ANSWERING the catchcry – “Brothers, what must we do?” (Acts 2:37) – more than 860 men gathered in small groups at 42 hubs and individually online in homes for the inaugural Australian Catholic Men’s Gathering 2020 last Saturday.
Event organiser and MEN Alive founder Robert Falzon said the event was a “huge step” for the Church in engaging men.
He said the Plenary Council was a sign the Church wanted to work on itself and improve itself.
By the data, he said, the most important group to work on is men.
“Fastest diminishing demographic in the Church is male,” he said, especially referring to 20-40-year-old men.
“And everybody nods their head when I say that because you look at your parish and you nod your head and you say, ‘Where are they?’”
But the conference proved there was a thirst for Church all the same.
Brisbane Catholic Arnaud Hurdoyal was one of about 25 men who gathered in a small group at the Emmaus Centre.
He said being able to sit in a larger group of men, knowing there were hundreds more around the nation, with some still in isolation, joined in united worship and “being filled up by the wisdom shared” was invigorating.
He said it also “empowered me in my journey as a husband and father to first be the example of Jesus in my family and secondly, use what’s left of that time to continue to give to the Church and to the world that so desperately needs real authentic manhood at present”.
Brisbane Catholic Joseph Grogan watched the event online from home, discussing the content and small group questions with his father.
He said he appreciated the event as a “timely, perhaps even urgent” initiative in the “increasingly co-responsible Church”.
Mr Grogan said the speakers and musicians helped galvanise involvement and expanded “our apostolic imagination through the challenge – ‘Brothers, what must we do?’”.
Mr Falzon said the Australian Catholic Men’s Gathering was significant because it represented the “largest Catholic conference of its kind ever” in Australia.
It rivalled the likes of the Australian Catholic Youth Festival in numbers for a Church-run event.
Mr Falzon said a major challenge was building in an opportunity for encounter while adhering to COVID-19 social distancing requirements and online technology.
“Usually the encounter happens in the gathering and sharing that men have,” he said.

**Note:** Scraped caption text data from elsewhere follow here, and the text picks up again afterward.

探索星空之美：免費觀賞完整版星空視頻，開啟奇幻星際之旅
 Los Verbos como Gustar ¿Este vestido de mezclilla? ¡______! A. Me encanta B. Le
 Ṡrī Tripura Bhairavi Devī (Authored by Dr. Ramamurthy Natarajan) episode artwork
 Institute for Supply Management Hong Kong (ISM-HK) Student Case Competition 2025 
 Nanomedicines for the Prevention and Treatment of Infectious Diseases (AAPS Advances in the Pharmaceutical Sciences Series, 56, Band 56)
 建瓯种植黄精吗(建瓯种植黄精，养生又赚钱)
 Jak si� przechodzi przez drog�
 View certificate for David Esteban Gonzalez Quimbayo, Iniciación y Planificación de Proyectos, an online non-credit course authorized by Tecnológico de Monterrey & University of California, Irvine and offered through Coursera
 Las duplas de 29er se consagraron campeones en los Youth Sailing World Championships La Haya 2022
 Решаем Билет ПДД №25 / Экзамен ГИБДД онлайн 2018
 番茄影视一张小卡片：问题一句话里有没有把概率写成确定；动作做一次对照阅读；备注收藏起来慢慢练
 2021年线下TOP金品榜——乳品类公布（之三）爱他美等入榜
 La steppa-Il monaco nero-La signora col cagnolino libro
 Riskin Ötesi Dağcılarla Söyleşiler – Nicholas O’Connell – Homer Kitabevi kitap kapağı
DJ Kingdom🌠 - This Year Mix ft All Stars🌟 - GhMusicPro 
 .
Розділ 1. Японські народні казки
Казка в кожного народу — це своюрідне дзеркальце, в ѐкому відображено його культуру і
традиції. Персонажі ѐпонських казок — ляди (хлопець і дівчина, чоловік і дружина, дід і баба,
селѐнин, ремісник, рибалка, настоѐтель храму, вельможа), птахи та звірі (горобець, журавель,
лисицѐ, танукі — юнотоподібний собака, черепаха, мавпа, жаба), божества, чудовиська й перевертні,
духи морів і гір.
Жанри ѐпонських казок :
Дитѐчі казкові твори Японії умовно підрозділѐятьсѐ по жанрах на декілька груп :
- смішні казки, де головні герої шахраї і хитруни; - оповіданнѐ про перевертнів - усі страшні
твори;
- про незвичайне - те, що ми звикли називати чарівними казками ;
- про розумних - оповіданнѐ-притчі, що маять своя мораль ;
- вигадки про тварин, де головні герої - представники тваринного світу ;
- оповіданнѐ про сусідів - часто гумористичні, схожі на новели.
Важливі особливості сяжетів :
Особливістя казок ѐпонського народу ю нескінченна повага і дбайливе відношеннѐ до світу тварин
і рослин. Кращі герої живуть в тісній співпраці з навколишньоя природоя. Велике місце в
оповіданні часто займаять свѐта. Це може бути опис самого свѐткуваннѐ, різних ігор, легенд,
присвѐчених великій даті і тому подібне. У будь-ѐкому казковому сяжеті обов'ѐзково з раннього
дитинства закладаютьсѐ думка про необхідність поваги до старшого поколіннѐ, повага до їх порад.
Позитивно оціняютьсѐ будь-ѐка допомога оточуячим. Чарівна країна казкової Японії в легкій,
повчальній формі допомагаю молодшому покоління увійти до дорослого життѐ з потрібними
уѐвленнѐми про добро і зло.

“And we said, why can’t we have gatherings nationally and men gather and experience the material only limited by the numbers that COVID will allow and the distancing that covid will allow.”
There were 42 host sites – called hubs – located in parishes and community halls in every state and territory.
Brisbane archdiocese had six hubs and three more in Queensland in Gladstone, Rockhampton and Bundaberg.
There was even one in Uganda and Kenya as well as in New Zealand.
Mr Falzon said a group from Colorado in the United States had even reached out about the event, praising the organisers for the content.
The event consisted of four hour-long pre-recorded modules that were transmitted via YouTube.
The sessions had input from speakers and musicians, along with discussion points and reflection exercises.
Mr Falzon said the video content would remain online for the next month for people to register and access on the Australian Catholic Bishops Conference website.
Speaking to Vatican News before the event, Sydney Archbishop Anthony Fisher said the vision behind the gathering came from the desire to see more men engaged in the life and the mission of the Church.
Especially as there is the long-running assumption, that men are not as committed as women in spiritual matters, he said.
“We do not want to sell our men short,” he said.
“Our men are every bit as much spiritual beings as our women are, and we want them to know Christ and to pray and to have a sense of their mission in the world.”